Yanlar arasında imzalanan sözleşmenin 30.1 maddesinde sözleşme konusu olup temin ve teslim edilen malın denetim ve muayenesi ile ilgili yapılan düzenlemeler, sözleşme tarihinde yürürlükte bulunan 1086 sayılı HUMK’nın 287, dava tarihinde yürürlüğe girmiş olan 6100 sayılı HUMK’nın 193. maddesi hükümleri gereği belirli bir hususun ispatı için yapılmış delil sözleşmesi niteliğinde olduğundan görevi gereği mahkemeler ve temyiz halinde Yargıtay tarafından kendiliğinden gözetilir. Buna göre sözleşmedeki prosedüre uygun olarak yapılan muayene ve itiraz üzerine yapılan ikinci muayene sonucu düzenlenen rapor kesinleşeceğinden tarafların sözleşme konusu malın sözleşmeye göre tamamlanıp teslim edildiğini dava ve yargılama sırasında alınacak bilirkişi raporu ile kanıtlamaları mümkün olmayacaktır (Yargıtay 15. HD’nin 25.01.2008 gün 2006/5660 Esas 2008/407 Karar, 04.06.2014 gün 2013/5278 Esas 2014/3802 Karar sayılı ilamları).
Dosya kapsamındaki mevcut delillerle 25.02.2014 tarihli bilirkişi raporundan davacı yüklenicinin eseri teslim edip 22.07.2010 tarihli dilekçesi ile talep etmesi üzerine oluşturulan muayene ve kabul komisyonunca 04.08.2010 tarihinde teslim edilen istasyonun kontrol ve muayenesi yapılarak 23.08.2010 tarihli muayene raporu ile 50 adet uygunsuzluk tespit edilerek reddedildiği, davacının 13.09.2010 tarihli dilekçesiyle idari şartnamenin 48.2.1.11 (sözleşmenin 30.1.9 maddesi) maddesine uygun olarak mal değişikliği hakkını kullanacağını beyan edip 24.09.2010 tarihli dilekçesi ile yeni malı teslim edip, oluşturulan muayene ve kontrol komisyonunca 11.10.2010 tarihinde kontrol ve muayenesi yapıldıktan sonra fiziki sayım fiziki kontrol muayenesine başlandığı montaj çalışmaları tamamlanıp eğitim ve fonksiyon testlerinin yapılmasından sonra 19.05.2012 tarihli raporla 49 adet uygunsuzluk tespit edilerek malın reddedildiği, yüklenicinin 06.06.2012 tarihli dilekçesiyle yaptığı itiraz üzerine oluşturulan itiraz muayene ve kabul komisyonunca düzenlenen 16.10.2012 tarihli muayene raporu ile 16 adet uygunsuzluk tespit edilerek malın reddedildiği anlaşılmaktadır.

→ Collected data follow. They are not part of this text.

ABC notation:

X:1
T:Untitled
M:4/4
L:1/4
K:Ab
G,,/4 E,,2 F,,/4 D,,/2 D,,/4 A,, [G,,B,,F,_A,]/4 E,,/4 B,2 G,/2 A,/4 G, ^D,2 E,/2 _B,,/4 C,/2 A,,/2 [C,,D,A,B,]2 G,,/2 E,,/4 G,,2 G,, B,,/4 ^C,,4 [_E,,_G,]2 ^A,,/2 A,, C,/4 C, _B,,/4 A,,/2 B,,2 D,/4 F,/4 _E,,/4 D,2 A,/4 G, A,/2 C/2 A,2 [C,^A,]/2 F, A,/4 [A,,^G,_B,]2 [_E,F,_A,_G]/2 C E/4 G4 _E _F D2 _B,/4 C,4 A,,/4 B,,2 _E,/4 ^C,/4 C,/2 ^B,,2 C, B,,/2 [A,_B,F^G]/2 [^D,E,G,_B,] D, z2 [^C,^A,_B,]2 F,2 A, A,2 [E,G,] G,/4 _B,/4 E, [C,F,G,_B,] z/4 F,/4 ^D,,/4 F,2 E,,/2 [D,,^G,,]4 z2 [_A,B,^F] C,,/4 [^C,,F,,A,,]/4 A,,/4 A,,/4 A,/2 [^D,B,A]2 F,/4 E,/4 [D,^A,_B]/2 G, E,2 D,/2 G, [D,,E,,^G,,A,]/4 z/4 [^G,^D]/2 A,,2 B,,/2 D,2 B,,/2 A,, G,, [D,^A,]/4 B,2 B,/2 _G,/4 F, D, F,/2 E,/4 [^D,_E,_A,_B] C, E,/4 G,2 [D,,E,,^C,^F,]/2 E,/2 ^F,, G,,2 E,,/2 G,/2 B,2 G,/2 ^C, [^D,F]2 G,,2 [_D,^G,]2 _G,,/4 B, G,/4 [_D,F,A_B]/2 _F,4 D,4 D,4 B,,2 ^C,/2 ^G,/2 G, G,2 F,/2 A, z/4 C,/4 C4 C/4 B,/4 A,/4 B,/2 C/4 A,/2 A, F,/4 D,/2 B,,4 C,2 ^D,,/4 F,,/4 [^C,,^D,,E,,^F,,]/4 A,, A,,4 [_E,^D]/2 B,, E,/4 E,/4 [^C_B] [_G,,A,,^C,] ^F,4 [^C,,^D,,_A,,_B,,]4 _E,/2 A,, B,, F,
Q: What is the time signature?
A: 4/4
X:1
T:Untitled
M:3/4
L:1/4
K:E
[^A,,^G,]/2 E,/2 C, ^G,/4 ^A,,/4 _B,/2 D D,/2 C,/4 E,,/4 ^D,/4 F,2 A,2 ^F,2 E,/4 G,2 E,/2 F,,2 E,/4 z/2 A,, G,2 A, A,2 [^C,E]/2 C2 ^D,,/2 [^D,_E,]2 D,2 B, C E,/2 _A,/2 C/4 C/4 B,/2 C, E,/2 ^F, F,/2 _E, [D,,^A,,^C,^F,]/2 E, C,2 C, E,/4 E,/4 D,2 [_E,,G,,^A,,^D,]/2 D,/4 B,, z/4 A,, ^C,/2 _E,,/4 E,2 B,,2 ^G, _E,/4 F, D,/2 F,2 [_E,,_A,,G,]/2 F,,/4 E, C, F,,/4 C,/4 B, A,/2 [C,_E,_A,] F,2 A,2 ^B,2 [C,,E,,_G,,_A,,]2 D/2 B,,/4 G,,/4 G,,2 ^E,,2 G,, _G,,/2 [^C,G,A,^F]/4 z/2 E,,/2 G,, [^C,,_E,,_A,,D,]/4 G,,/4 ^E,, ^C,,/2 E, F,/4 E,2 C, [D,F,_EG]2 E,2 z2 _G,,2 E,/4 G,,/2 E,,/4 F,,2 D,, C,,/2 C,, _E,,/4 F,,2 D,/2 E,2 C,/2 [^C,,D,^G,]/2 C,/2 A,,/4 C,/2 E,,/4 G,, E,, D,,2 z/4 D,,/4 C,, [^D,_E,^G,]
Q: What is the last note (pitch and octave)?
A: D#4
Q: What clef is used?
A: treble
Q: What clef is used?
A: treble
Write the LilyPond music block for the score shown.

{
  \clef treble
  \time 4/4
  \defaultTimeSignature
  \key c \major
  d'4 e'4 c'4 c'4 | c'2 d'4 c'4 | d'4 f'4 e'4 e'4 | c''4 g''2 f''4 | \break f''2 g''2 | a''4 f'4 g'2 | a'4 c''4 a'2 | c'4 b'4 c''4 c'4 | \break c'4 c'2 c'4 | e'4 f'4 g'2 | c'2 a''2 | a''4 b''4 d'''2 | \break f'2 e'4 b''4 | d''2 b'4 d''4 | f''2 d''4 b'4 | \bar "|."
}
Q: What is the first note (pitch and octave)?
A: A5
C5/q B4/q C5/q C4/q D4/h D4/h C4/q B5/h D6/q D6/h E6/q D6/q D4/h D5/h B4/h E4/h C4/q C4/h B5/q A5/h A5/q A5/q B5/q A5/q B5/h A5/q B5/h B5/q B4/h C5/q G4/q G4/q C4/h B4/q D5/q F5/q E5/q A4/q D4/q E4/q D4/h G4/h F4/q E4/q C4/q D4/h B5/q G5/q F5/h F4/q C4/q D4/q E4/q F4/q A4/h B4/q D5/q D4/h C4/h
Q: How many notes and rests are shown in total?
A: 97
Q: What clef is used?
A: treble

Bu durumda mahkemece davacı tarafça imâl-temin ve teslim edilen sözleşme konusu motor test istasyonunun sözleşmenin 30. maddesindeki prosedürlere uygun olarak yapılan muayene sonucu ret, mal değişim hakkı kullanılarak yeniden teslim edilen mal üzerinde
yapılan muayene sonucu ret ve itiraz üzerine oluşturulan itiraz muayene komisyonunca eserin-malın reddedilmiş olması sonucu muayene ve kabul komisyonunun ret kararının kesinleştiği, delil sözleşmesi niteliğinde olması sebebiyle itiraz muayenesi sonucu verilen ret kararı taraflar için bağlayıcı olup aksi kanıtlanamayacağı ve bu halde davalı iş sahibi sözleşmenin 30.1.11 ile 35.a maddesi hükümlerine göre yüklenicinin edimini sözleşme eklerine uygun olarak tamamlayıp teslim etmediğinden fesihte haklı olup, davacı bedele de hak kazanmadığından davanın tümden reddi yerine, yanlış değerlendirme sonucu kabulü doğru olmamış, kararın bozulması uygun bulunmuştur.
SONUÇ: Yukarıda açıklanan nedenlerle temyiz itirazlarının kabulü ile hükmün davalı yararına BOZULMASINA, karara karşı tebliğ tarihinden itibaren 15 gün içinde karar düzeltme isteminde bulunulabileceğine 07.11.2019 gününde oybirliğiyle karar verildi.